It had been a shock, and he was only beginning to recover from it. And it was he who raised the point that had been in the inspector’s mind. He said, “I do realise that there are other things you will have to ask me. Might I suggest that we continue tomorrow afternoon? Tomorrow morning there will be a score of urgent matters I shall have to attend to. I shall have to ask the hospital to lend me a nurse. A temporary replacement for Minter. My wife needs regular attention, to say nothing of the residents — all well over eighty. And no doubt I shall have to placate Ms. Burches and stop her from deserting us.”
The inspector said, “Very well. Two o’clock tomorrow afternoon.”
He was not displeased. By that time he would have a number of reports from the doctor and his subordinates which would sharpen his interrogation.
Alice had learned nothing useful from Mrs. Goldsworthy, drowsing among her pillows. Boone had been more fortunate. As he approached the door he heard the rat-tat-tat of a six-shooter.
Evidently the sheriff had got his man. When he got into the room he realized that little information about the happenings of the evening was to be expected. The three ladies were seated in a circle in front of the television set. For them the real world was not in the house or the garden. It was in the little box. Credits were now following each other down the small screen. The play was over. Time for a return to reality.
Boone switched on the light and applied himself, without much hope, to his task.
When they understood that he was a policeman, and what had brought him there, they seemed more excited than alarmed. Young policemen often featured in their screen existence. They were nearly always good. As this man seemed to be. There was nothing alarming in his questions.

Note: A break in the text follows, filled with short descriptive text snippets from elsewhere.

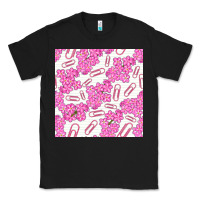 Black floral school seamless pattern Classic Tee - BundleAndBundleShop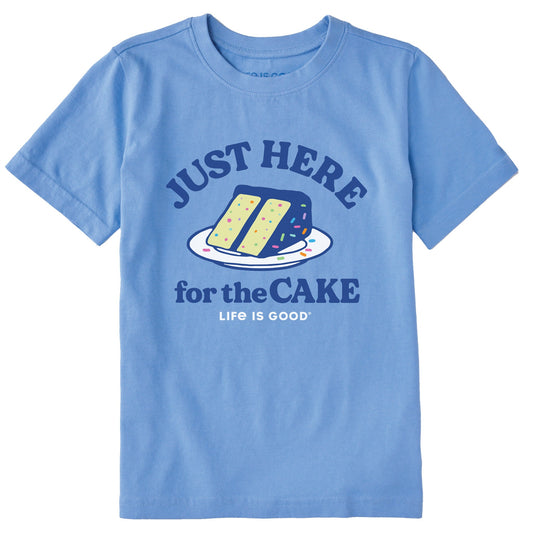 Kids Here for the Cake Short Sleeve Crusher Tee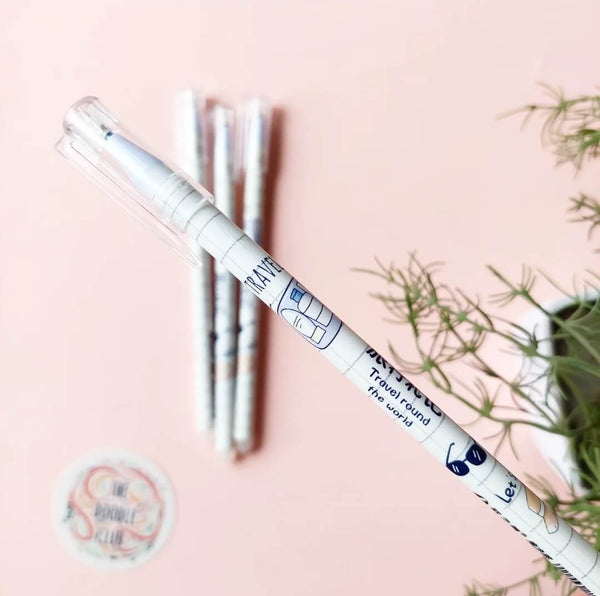 Travel Erasable White Gel Pen
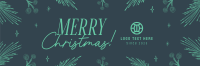 Artsy Christmas Party Twitter header (cover) Image Preview
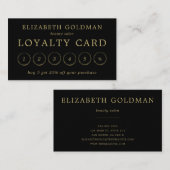 フェイクな金ゴールドの円のデザイン ロイヤリティカード (正面/裏面)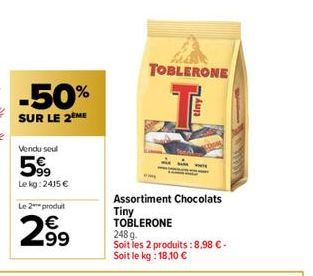 chocolats Toblerone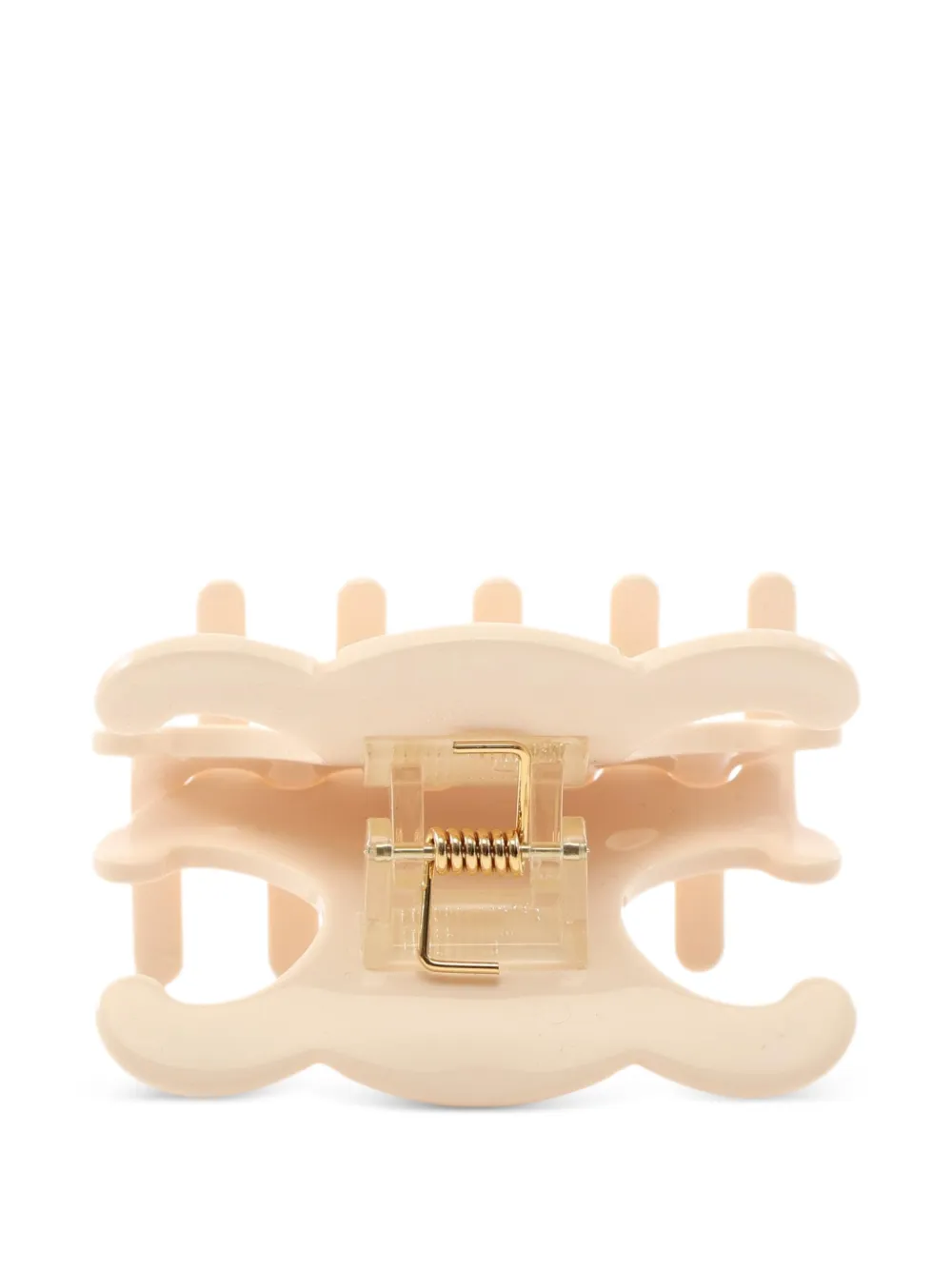 Celine Pre-owned 2020s Triomphe Hair Claw in Neutrals, view 3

He started by writing down their names and was given a thumbnail sketch of their families and their histories. Gertrude Tabard, daughter of an Anglo-Indian colonel. Beatrice Mountfield, relict of Dr. Mountfield, the celebrated neurosurgeon. Florence Marant. Her father had been an inventor. She was beginning to draw a picture of the Marant patent rabbit hutch when Gertrude decided that she had occupied the limelight long enough.
She said, “He doesn’t want to know about rabbit hutches, Florence. He wants to find out who attacked Nurse Minter. That’s right, isn’t it, young man?”
“Indeed it is, ma’am. And if any of you happened to hear anything during the past two hours—”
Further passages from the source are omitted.